Watermark coalescing forwards it, if all coalesced inputs are idle.
So if we have a DAG like this:
scan1 -> map1 --\
+--> aggr
scan2 -> map2 --/
and if scan1 sees no data, after the idle timeout scan1 sends the idle
message, map1 forwards it (because all its inputs are idle), and the coalescer
on input to aggr will ignore the input from map1 from watermark coalescing
and will forward WMs from the other input, and aggr can start producing
results.
Thanks to the change in the Watermark class, idle messages now also carry a
key. Currently, we mark a stream as idle after receiving an idle message from it
and mark it active after receiving any event or watermark. We track idle
status for each stream. This means that idle messages have a key, but the
inverse messages (the events) don't.
Currently, for each stream we track the idle status: a stream is either active, or idle. With keyed idle messages, the status could be "queue is active for key=0 and idle for key=1". Or in other words "queue is partially idle". This doesn't make sense: an event has all timestamps, so if there is an event, the stream is not idle or partially idle, but active.
Therefore, we should ignore the key in the idle messages. An idle message with any key will mark the stream as idle, and the stream will be excluded from coalescing for all keys.
In the implementation it might be useful to only allow idle message with key=0 - the above design will be more apparent in the code.
Let's inspect the behavior in a couple of common examples to confirm its correctness.
-aggr
--merge
---join
----scan1
----scan2
---scan3
If both scan1 and scan2 are idle, join will be marked as idle, even though
scan1 and scan2 have a different watermark key. The merge operator will
exclude the join from WM coalescing, and will directly forward the watermarks
from scan3. This will enable the aggr operator to use those watermarks and
produce output.
In this example, the idle messages help to make progress if some input of the
merge operator has no data.
Note that the merge operator is a prototype of merging homogenous streams. Such
merging happens also when merging multiple streams contributing to a single DAG
edge, for example when the scan1 vertex is backed by multiple processors. It
shows that the algorithm helps also in that case.
-joinOuter
--joinInner
---scan1
---scan2
--scan3
joinInner will be idle if both its input scans are idle, even though each of
the scans uses a different WM key. joinInner will send the idle message with
key=0 (as the only possible key for an idle message).

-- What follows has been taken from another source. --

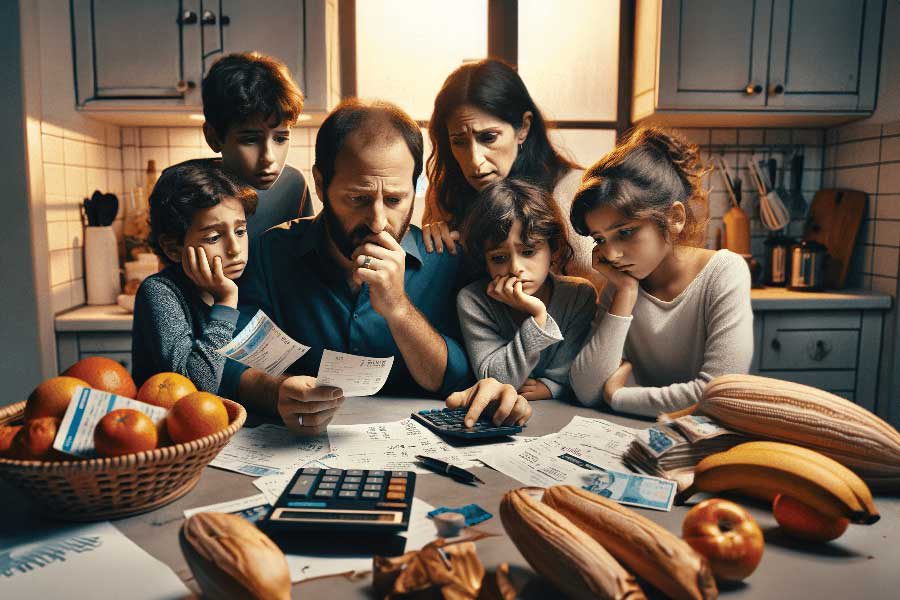 משפחה מודאגת כלכלית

joinOuter has two inputs: joinInner and scan3. joinInner will be marked
as idle and no event or watermark will come from it. joinOuter will be unable
to make any progress as it will be blocked by joinInner not producing any data
(it's a stream-to-stream join, the stream-to-batch or batch-to-batch joins don't
use watermarks). Moreover, joinOuter will buffer data from scan3 forever,
until joinInner is active again and sends some watermark.
This scenario seems problematic, but it's not caused by the idle mechanism. It's caused by the fact that one side of the join doesn't advance. It would be the same without any idle stream handling. It only shows that excluding idle streams from coalescing doesn't help here.